Der sprunghafte Anstieg der Käufe von russischem Flüssiggas erfolgte trotz der scharfen Verurteilung des Vorgehens Moskaus in der Ukraine durch die drei baltischen Staaten, die alle Mitglieder der NATO und der Europäischen Union sind, da Europa auf dem angespannten Weltmarkt um neue Bezugsquellen für diesen Kraftstoff ringt.

Flüssiggas, das hauptsächlich als Kraftstoff für Autos, zum Heizen und zur Herstellung anderer petrochemischer Produkte verwendet wird, ist von den umfassenden westlichen Sanktionen ausgenommen, die wegen der Ukraine gegen Russland verhängt wurden.

Nach Berechnungen von Reuters, die auf Daten von drei Händlern und Spediteuren in der Region beruhen, hat Russland seine LPG-Verkäufe nach Lettland, Litauen und Estland von 159.000 Tonnen im Jahr 2022 auf insgesamt 331.000 Tonnen erhöht.

Der Anstieg erfolgte, da die Ukraine und einige andere Länder sich weigerten, den aus Russland stammenden Kraftstoff direkt zu kaufen.

Die russischen LPG-Verkäufe nach Lettland stiegen um 77% auf 232.000 Tonnen, während die Lieferungen nach Litauen im vergangenen Jahr um das 8,5fache auf 72.000 Tonnen und die Verkäufe nach Estland um 42% auf 27.000 Tonnen stiegen, wie aus den Daten und Berechnungen von Reuters hervorgeht.

Die Energieministerien von Lettland und Estland reagierten nicht auf Bitten um einen Kommentar zu den Daten. Das litauische Ministerium lehnte eine Stellungnahme ab.

Die Beziehungen Russlands zu den baltischen Staaten haben sich drastisch verschlechtert, seit Moskau im Februar letzten Jahres seine so genannte "besondere Militäroperation" in der Ukraine gestartet hat. Russland und Estland haben am Dienstag gegenseitig ihre Botschafter ausgewiesen, und auch Lettland hat seine Beziehungen zu Russland herabgestuft.

Den Daten zufolge machten die russischen LPG-Lieferungen an Lettland 90 % der gesamten LPG-Importe des Landes im Jahr 2022 aus, während Litauen die Hälfte seines Bedarfs aus Russland und den Rest aus Lettland bezog.

Händler sagten, dass in den letzten Monaten überschüssige LPG-Mengen aus dem Baltikum an die Ukraine weiterverkauft worden seien. Sie sagten, Lettland und Litauen hätten allein im Dezember etwa 15.000 Tonnen in die Ukraine geliefert, was 15% der gesamten LPG-Importe der Ukraine in diesem Monat ausmachte.
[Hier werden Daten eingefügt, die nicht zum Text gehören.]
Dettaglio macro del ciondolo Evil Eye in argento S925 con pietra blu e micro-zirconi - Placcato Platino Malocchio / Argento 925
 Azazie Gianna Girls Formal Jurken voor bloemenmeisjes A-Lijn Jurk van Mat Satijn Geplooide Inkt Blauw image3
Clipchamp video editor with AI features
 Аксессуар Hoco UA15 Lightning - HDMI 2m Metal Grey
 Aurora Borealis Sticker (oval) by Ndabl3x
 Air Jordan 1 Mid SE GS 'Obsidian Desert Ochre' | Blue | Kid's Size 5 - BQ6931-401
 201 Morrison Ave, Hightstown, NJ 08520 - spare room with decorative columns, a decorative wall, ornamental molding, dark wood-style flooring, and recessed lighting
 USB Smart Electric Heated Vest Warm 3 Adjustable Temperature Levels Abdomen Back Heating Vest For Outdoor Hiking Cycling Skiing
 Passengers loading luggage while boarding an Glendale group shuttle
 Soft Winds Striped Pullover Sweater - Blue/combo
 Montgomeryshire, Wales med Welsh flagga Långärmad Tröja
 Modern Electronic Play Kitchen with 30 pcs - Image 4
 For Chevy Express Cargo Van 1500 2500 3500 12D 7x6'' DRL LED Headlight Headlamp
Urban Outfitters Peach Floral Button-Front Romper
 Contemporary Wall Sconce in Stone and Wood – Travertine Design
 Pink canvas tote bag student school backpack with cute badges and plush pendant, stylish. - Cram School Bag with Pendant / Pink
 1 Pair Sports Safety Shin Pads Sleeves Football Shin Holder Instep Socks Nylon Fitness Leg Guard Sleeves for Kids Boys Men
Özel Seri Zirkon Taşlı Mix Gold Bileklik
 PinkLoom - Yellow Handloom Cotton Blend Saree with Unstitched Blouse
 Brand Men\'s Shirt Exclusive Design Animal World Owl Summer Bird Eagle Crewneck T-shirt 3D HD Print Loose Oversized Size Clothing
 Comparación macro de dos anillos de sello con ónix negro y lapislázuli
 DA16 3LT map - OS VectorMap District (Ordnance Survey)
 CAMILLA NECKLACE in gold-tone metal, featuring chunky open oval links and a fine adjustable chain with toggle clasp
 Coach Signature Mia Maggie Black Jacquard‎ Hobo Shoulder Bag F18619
Sie sagten, Flüssiggas aus Russland sei viel billiger als Lieferungen aus anderen Ländern wie Polen und Rumänien, da die Exportmöglichkeiten seit dem Einstieg Russlands in die Ukraine begrenzt sind.

"Ukrainische Unternehmen kaufen Propan-Butan (LPG) aus Litauen und Lettland, das mit hoher Wahrscheinlichkeit russischen Ursprungs ist. Der Preisunterschied von $150-$200 pro Tonne im Vergleich zu Polen und Rumänien erlaubt es ihnen jedoch, ein Auge auf das Herkunftsland zu werfen", sagte ein Händler aus den baltischen Staaten.

Er fügte hinzu, dass es kein offizielles ukrainisches Verbot für die Einfuhr von russischem Flüssiggas gibt. Das ukrainische Energieministerium gab keinen Kommentar ab, als es von Reuters kontaktiert wurde.

Andere Händler sagten, dass die Ukraine auch direkt LPG von der litauischen Mazeikiu Nafta-Anlage kauft, die sich im Besitz der polnischen Orlen befindet, obwohl ihr Anteil an den Treibstofflieferungen an die Ukraine insgesamt relativ gering ist.